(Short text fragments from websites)
[Start of Attachment]
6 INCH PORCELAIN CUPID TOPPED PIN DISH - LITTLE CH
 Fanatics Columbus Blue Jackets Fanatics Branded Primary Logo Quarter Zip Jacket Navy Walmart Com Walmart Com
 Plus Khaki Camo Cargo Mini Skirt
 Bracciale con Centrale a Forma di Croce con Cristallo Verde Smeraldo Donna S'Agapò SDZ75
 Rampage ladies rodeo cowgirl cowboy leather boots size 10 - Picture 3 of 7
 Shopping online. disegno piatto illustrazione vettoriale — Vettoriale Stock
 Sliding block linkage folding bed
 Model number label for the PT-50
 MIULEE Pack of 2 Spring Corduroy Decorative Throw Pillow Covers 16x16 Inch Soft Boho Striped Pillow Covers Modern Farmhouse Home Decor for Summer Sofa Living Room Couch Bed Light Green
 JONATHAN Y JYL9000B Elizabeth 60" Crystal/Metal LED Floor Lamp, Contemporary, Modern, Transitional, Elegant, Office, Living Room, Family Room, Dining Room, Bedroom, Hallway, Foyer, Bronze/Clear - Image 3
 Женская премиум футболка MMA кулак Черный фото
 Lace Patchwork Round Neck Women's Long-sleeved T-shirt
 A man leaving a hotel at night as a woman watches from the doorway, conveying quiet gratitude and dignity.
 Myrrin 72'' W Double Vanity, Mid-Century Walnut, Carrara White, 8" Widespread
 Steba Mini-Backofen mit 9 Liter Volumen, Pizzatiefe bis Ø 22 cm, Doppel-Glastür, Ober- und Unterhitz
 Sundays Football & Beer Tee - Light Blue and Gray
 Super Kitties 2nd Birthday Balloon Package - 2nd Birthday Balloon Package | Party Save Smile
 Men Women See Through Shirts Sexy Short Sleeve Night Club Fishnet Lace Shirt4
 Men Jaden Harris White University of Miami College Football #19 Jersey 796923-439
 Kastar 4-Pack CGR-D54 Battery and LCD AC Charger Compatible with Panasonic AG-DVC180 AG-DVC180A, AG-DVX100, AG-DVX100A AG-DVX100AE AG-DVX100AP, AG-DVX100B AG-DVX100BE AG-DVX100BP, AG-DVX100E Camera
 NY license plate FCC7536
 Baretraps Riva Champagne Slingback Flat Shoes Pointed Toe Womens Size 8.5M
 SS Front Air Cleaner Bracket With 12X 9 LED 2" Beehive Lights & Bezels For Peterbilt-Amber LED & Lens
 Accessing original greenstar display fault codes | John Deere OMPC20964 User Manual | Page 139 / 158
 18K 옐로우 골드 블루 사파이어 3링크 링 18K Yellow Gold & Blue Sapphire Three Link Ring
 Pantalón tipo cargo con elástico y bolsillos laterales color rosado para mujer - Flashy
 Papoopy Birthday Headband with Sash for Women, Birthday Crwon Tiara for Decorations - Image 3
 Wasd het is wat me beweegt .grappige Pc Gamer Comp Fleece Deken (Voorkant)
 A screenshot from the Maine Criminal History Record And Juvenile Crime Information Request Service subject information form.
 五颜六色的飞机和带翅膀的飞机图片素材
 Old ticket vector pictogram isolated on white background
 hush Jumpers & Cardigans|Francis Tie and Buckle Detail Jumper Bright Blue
[End of Attachment]
▶ **WORK TASK**:
The lines to retype run from the start of the entries through the line containing "MIULEE Pack of"; reproduce them exactly and add nothing.

▶ **TASK RESULT**:
6 INCH PORCELAIN CUPID TOPPED PIN DISH - LITTLE CH
 Fanatics Columbus Blue Jackets Fanatics Branded Primary Logo Quarter Zip Jacket Navy Walmart Com Walmart Com
 Plus Khaki Camo Cargo Mini Skirt
 Bracciale con Centrale a Forma di Croce con Cristallo Verde Smeraldo Donna S'Agapò SDZ75
 Rampage ladies rodeo cowgirl cowboy leather boots size 10 - Picture 3 of 7
 Shopping online. disegno piatto illustrazione vettoriale — Vettoriale Stock
 Sliding block linkage folding bed
 Model number label for the PT-50
 MIULEE Pack of 2 Spring Corduroy Decorative Throw Pillow Covers 16x16 Inch Soft Boho Striped Pillow Covers Modern Farmhouse Home Decor for Summer Sofa Living Room Couch Bed Light Green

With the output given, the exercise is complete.